Estas dos fuerzas, salvo el caso de contados integrantes, nunca se han podido despegar de su herencia priísta, en su versión, si se quiere, de izquierda. En 1987, quienes salen del PRI se ven como herederos y defensores del “nacionalismo revolucionario” en pugna con lo que llaman los “tecnócratas neoliberales”, que encabeza Carlos Salinas de Gortari (1988-1994). Esta última corriente, poderosa y mayoritaria, triunfa, y los derrotados abandonan las filas del partido en el que habían militado por décadas.

Después de casi 30 años, el PRD, que surge de la ruptura con el PRI, y Morena, de la ruptura con el PRD, no han podido desprenderse del “nacionalismo revolucionario”. Esta concepción programática, más que teórica, está arraigada en estas dos fuerzas políticas y se traduce en su diagnóstico de la realidad, pero sobre todo en el contenido de sus propuestas. Un ejemplo es su posición ante la reforma energética. El PRD y Morena sostuvieron posiciones semejantes a las que defendía el PRI de otro tiempo.
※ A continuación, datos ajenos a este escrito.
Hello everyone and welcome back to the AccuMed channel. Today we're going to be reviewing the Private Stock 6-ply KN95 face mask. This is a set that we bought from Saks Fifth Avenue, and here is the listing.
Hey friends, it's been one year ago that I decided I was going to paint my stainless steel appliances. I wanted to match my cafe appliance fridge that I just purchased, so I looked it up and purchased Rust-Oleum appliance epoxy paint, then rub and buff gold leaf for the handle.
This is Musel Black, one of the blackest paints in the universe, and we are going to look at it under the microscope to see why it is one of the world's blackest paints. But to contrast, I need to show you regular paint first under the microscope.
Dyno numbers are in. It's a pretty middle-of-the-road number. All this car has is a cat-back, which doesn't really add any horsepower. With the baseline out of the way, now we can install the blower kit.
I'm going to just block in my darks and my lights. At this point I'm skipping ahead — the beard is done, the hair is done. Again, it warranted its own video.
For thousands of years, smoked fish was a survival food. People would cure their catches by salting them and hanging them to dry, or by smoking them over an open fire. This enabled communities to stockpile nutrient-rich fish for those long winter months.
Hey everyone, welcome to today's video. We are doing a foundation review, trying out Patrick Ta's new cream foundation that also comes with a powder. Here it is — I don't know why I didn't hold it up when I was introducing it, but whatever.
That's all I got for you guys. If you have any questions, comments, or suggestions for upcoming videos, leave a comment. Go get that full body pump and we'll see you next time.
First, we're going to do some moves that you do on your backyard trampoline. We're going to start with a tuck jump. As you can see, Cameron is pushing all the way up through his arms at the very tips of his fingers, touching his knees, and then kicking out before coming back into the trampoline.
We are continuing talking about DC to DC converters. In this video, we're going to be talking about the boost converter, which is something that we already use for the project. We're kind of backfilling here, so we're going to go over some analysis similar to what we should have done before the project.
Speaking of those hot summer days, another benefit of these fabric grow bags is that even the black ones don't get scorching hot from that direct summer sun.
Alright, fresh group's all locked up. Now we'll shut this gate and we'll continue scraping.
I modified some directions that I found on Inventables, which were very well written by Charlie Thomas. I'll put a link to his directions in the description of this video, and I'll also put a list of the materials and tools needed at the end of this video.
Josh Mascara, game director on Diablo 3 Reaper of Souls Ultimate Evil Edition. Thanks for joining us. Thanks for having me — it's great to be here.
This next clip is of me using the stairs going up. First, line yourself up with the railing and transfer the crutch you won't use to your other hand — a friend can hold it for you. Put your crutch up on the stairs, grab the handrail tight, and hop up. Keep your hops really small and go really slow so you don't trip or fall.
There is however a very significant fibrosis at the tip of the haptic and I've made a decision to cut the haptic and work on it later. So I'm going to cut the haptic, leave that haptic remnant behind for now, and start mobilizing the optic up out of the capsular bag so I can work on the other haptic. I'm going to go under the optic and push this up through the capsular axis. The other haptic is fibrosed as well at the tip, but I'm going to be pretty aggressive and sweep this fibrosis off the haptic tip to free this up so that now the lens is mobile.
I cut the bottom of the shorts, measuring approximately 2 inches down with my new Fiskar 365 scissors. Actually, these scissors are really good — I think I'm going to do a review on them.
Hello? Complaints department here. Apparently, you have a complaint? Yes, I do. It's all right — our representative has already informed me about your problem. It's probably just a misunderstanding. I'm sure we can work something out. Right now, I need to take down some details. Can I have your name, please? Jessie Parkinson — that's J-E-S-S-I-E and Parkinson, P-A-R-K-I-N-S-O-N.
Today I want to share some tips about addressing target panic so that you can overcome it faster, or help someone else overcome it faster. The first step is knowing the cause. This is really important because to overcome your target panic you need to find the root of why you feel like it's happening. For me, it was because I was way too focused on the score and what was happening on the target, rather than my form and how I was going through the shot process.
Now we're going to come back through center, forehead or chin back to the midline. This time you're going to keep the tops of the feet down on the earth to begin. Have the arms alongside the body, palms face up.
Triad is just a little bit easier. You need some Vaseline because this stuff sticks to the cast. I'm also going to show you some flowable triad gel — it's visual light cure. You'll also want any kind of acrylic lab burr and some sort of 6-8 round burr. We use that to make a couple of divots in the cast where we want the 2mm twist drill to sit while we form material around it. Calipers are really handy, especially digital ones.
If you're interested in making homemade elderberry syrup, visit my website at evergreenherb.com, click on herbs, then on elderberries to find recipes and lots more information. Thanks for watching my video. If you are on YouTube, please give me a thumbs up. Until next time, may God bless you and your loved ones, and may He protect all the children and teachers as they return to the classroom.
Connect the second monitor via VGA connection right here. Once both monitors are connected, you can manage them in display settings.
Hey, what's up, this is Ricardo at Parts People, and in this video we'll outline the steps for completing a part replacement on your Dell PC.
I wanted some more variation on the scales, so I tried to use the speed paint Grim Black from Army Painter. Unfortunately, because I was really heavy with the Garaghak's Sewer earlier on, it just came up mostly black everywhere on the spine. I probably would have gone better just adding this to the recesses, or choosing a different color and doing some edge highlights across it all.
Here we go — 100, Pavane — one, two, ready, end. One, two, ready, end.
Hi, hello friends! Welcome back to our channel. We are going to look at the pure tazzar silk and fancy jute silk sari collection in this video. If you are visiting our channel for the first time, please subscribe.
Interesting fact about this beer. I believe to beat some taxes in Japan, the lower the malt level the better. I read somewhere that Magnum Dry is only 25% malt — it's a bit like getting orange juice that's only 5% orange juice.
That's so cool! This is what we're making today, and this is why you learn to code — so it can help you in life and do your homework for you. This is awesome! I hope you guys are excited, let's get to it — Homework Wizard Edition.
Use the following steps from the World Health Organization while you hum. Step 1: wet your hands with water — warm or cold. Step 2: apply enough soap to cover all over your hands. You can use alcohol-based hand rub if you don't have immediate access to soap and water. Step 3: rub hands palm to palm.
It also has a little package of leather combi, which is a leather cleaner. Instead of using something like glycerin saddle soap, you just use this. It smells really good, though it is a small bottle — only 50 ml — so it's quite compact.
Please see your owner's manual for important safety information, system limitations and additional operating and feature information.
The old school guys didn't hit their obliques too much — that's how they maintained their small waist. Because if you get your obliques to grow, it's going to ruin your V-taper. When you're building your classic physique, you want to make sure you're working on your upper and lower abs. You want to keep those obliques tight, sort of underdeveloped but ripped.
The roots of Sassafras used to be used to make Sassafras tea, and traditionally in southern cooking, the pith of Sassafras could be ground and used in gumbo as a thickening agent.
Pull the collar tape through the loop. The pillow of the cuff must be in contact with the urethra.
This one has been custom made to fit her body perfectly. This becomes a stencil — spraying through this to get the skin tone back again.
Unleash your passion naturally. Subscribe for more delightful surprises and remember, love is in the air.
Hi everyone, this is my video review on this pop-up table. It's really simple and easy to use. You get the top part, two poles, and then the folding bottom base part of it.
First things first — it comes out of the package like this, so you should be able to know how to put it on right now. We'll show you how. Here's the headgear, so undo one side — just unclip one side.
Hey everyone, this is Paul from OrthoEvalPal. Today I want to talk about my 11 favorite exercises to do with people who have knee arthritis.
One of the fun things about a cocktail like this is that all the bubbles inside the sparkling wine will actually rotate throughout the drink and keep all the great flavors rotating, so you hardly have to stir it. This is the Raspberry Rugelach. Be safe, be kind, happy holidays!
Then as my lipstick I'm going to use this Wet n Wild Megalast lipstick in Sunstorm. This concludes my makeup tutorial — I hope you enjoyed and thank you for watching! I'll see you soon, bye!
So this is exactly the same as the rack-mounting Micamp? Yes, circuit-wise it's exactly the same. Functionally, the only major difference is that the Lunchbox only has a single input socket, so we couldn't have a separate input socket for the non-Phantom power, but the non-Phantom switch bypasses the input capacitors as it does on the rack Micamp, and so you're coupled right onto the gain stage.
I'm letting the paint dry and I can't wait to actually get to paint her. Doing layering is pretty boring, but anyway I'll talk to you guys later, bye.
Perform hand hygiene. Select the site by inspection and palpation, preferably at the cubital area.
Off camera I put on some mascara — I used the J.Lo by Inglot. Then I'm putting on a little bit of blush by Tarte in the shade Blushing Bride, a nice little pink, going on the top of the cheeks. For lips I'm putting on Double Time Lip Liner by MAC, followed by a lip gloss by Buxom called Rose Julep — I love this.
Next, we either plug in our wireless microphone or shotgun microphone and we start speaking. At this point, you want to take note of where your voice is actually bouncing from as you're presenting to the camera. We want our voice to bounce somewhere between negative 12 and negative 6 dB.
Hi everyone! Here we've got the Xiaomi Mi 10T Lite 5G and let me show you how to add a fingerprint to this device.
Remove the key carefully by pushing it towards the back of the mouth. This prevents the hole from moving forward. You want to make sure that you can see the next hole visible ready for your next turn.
En este momento Andrés Manuel López Obrador, el líder indiscutible de Morena, dos veces candidato a la Presidencia de la República, es el representante más claro y combativo del “nacionalismo revolucionario”. Esta posición es muy evidente en sus textos. No así en su discurso, que se concentra en sólo tres ideas: nosotros somos los buenos, los demás son los malos y nosotros somos los únicos que podemos garantizar volver a la República ideal que hubo en el pasado. Es un mensaje para los suyos que tiene el propósito —lo logra— de convocar, dar identidad y dirección.

El PRD, una vez que se desprendió Morena, en medio de la crisis que vive, está en condiciones de dejar atrás el “nacionalismo revolucionario”, creación priísta y ahora propiedad de Morena. Está en posibilidad, por fin, de asumirse como una verdadera izquierda que implica un diagnóstico distinto del momento histórico, de la realidad y del programa de acción que se requiere para transformar el país. Está en posibilidad de ir al encuentro del futuro y dejar para siempre el pasado. Ese tiempo ya hay quien lo reivindica.

En esta definición, no hay que inventar el hilo negro, y el PRD puede y debe recurrir a las concepciones y plataformas programáticas de partidos de una real izquierda que son exitosos y han impulsado el desarrollo y el proceso de modernización de sus sociedades. Siempre hay que hacer ajustes y adecuaciones a la realidad específica, pero no hay que partir de cero.

El gran reto del próximo presidente del PRD es hacer transitar al partido del obsoleto “nacionalismo revolucionario”, su actual fuente de inspiración, a una auténtica izquierda, que se sitúe a la vanguardia de las ideas, de las propuestas y de la nueva forma de hacer la política, caracterizada por la honradez y transparencia. No es poca cosa. Ese partido, que está por hacer, sí tiene espacio en la realidad del país.